Ketua Badan Aspirasi Masyarakat (BAM) DPR RI, Netty Prasetiyani, menegaskan bahwa pencabutan moratorium penempatan pekerja migran Indonesia (PMI) ke kawasan Timur Tengah, khususnya Arab Saudi, tidak boleh dilakukan tergesa-gesa. Kebijakan ini menjadi sorotan yang ia sampaikan usai kunjungan kerja BAM DPR RI ke Provinsi Jawa Timur, provinsi dengan jumlah PMI tertinggi di Indonesia.
“Jawa Timur merupakan provinsi dengan jumlah pekerja migran tertinggi, bahkan melampaui Jawa Tengah dan Jawa Barat. Maka, kunjungan ini kami lakukan untuk menyerap aspirasi dan memperkuat dasar pengambilan kebijakan terkait pencabutan moratorium,” ujar Netty kepada medpolindo.com usai memimpin agenda Kunjungan Kerja Spesifik BAM DPR RI ke Kantor Gubernur Provinsi Jawa Timur, Kota Surabaya, Provinsi Jawa Timur, Kamis (22/5/2025).
Menurut Netty, moratorium memang berdampak pada devisa nasional, mengingat sektor PMI menjadi penyumbang devisa terbesar kedua setelah migas. Namun, ia mengingatkan bahwa aspek perlindungan PMI tidak bisa dikorbankan demi kepentingan ekonomi semata.
“Pencabutan moratorium harus dibarengi dengan evaluasi menyeluruh, mulai dari hulu ke hilir. Mulai dari pencatatan di Disdukcapil, pelatihan prakeberangkatan, perlindungan di negara tujuan, hingga pembinaan saat kembali ke tanah air,” tegas Politisi Fraksi PKS ini.

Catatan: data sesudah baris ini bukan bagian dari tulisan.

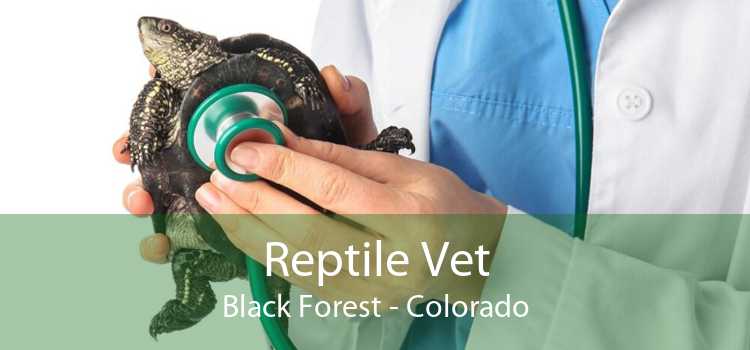 Reptile Vet Black Forest - Colorado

Sebelumnya, BAM DPR RI telah berdiskusi dengan melibatkan Komnas HAM, akademisi hukum tata negara dari UI, serta kementerian terkait, terungkap sejumlah tantangan perlindungan PMI. Salah satunya adalah lemahnya pendampingan PMI selama bekerja di luar negeri, serta kurangnya program reintegrasi sosial dan ekonomi setelah kepulangan.

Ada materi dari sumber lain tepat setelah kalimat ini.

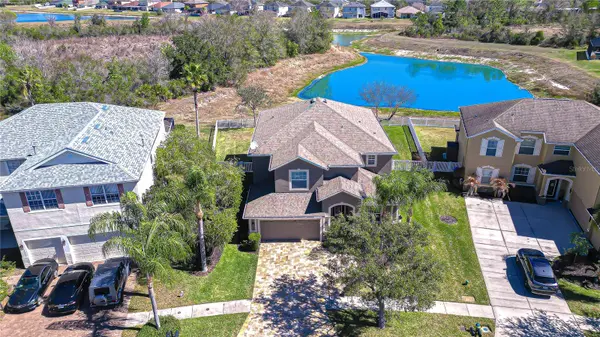 19914 BLUFF OAK BLVD, Tampa, FL 33647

Dirinya juga menyoroti biaya tinggi yang dibebankan kepada calon PMI. “Biaya keberangkatan yang besar, mulai dari paspor, tiket, hingga pelatihan, kerap membuat keluarga PMI terjerat utang. Ini harus dievaluasi. Unit cost perlu ditinjau ulang agar tidak memberatkan,” kata Anggota Komisi IX ini.
Menanggapi revisi UU Nomor 18 Tahun 2017 tentang Pelindungan Pekerja Migran Indonesia, ia berharap peraturan turunannya dapat menutup celah hukum dan memperkuat pengawasan. Dirinya juga mendorong dibentuknya daftar hitam (blacklist) dan daftar putih (whitelist) bagi perusahaan penempatan PMI (P3MI) agar tindakan pelanggaran tidak terulang.

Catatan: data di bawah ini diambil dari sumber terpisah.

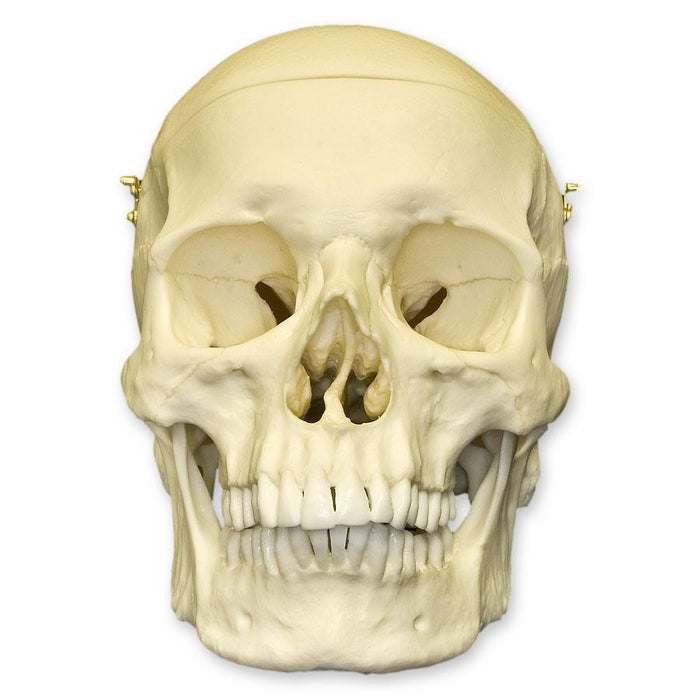 Replica Human Skull with Calvarium Cut - European Male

Ke depan, ungkapnya, BAM DPR RI akan menyusun telaahan serta rekomendasi untuk disampaikan ke pimpinan DPR RI dan alat kelengkapan dewan (AKD) terkait, termasuk Komisi IX, Komisi I, dan Komisi III.
“Isu pekerja migran bukan hanya soal ketenagakerjaan, tapi juga menyentuh aspek perdagangan orang dan penegakan hukum. Semua pihak harus terlibat agar perlindungan PMI menjadi nyata, bukan sekadar slogan,” tandas Politisi Fraksi PKS itu.
Sebagai informasi, selama tahun 2024, Pemerintah Provinsi Jawa Timur menangani 428 kasus PMI bermasalah, termasuk korban perdagangan orang dan deportasi. Sebanyak 170 jenazah PMI pun juga telah difasilitasi pemulangannya secara gratis dan humanis.
Tak berhenti di sana, pemerintah setempat telah mengembangkan program pemberdayaan purna PMI agar mereka mampu membangun usaha produktif setelah kembali ke tanah air. Fasilitasi permodalan dan pelatihan kewirausahaan diberikan guna memperkuat reintegrasi sosial-ekonomi mereka.
Semua upaya ini dilakukan sebagai semangat untuk memberikan perlindungan terhadap PMI. Sebab, mereka telah menjaga martabat bangsa. Oleh karena itu, Pemerintah Provinsi Jawa Timur berharap sinergi dengan DPR RI dan seluruh pemangku kepentingan akan semakin memperkuat ekosistem perlindungan pekerja migran Indonesia.